On Tuesday Secretary Augustus met with Devenscrest Tenants Association members to “talk about efforts to save their housing from real estate speculators,” according to the Massachusetts Law Reform Institute ( MLRI), an organization supporting the Devenscrest group.
“The tenants who want to remain in their homes are deeply grateful” to state officials “for extending a helping hand,” said MLRI attorney Ann Jochnick. She said Devenscrest is a “perfect example of why affordable homes in Massachusetts are disappearing, and why we need Gov. Healey’s Housing Bond Bill to protect homes like this and the families who live there.”
Augustus’ visit drew an impressive crowd, including multiple media outlets that camped out outside the private meeting between Augustus and the Devenscrest Association members. That meeting included Legislators such as state Sen. Jamie Eldridge and state Rep. Dan Sena, as well as municipal officials such as Ayer Town Manager Robert Pontbriand.
But other than further publicizing the housing crisis that’s being exacerbated in part by predatory developers like Brady Sullivan, there’s not much of a “helping hand” the state can offer other than advocate for a just solution that serves both tenants and landlord.
That includes the one offer to buy the property that so far has been rebuffed.
Richard Henken, of New England real estate company Schochet, had proposed a plan aimed at finding a firm that would buy and manage Devenscrest and keep the rents affordable. Henken offered to buy the complex from Brady Sullivan Properties. “I spoke with Brady [Sullivan Properties] … but he wasn’t interested,” Henken said.
Jochnick said MLRI aims to keep trying to come up with a price that Brady Sullivan finds acceptable. In her view, it could be a win/ win for both parties, including the developer, who could “make a profit and do the right thing at the same time.” she said.
Asked if there’s a legal way for tenants who haven’t moved out can stay without being subject to rent hikes they can’t afford, Allie Girouard, media consultant with MLRI, said the governor’s housing bill may help, although it’s not specific to Devenscrest.

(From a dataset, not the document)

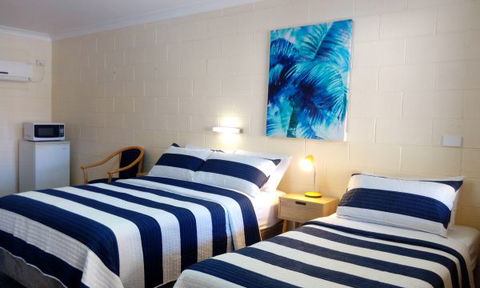 Sail Inn - Yeppoon - Hotel Accommodation 3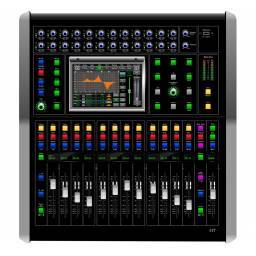 TOPP PRO AUDIO DM24-8 (Mezclador MX Digital) - 1 2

For now, it’s a housing court issue, she said.
That venue might have recently given the embattled tenants some reason for optimism.
Eviction notices recently initiated by Brady Sullivan in Lowell housing court on a few of Devenscrest’s remaining tenants have been withdrawn, though the reason remains unclear.
Given the state’s desperate need to access housing, it ironically could find itself in competition with residential developers like Brady Sullivan.
According to a recent Metropolitan Area Planning Council report recently cited by Sen. Eldridge, one in five homes sold in Eastern Massachusetts from 2004 to 2018 went to individuals or groups like Brady Sullivan — private investors scooping up lower cost housing so they can either jack up rents, or flip the property to someone else who will.
That trend has undoubtedly continued, even in the face of an affordable housing crunch that had already reached crisis levels before this mass refugee migration.
We’d like to believe there’s some light at the end of the Devenscrest tenants’ struggle, but if there is, it will come from private sources like the Massachusetts Law Reform Institute or that benevolent middleman who’s attempting to broker the sale of Devenscrest.
As for the beleaguered commonwealth, its priorities lay elsewhere.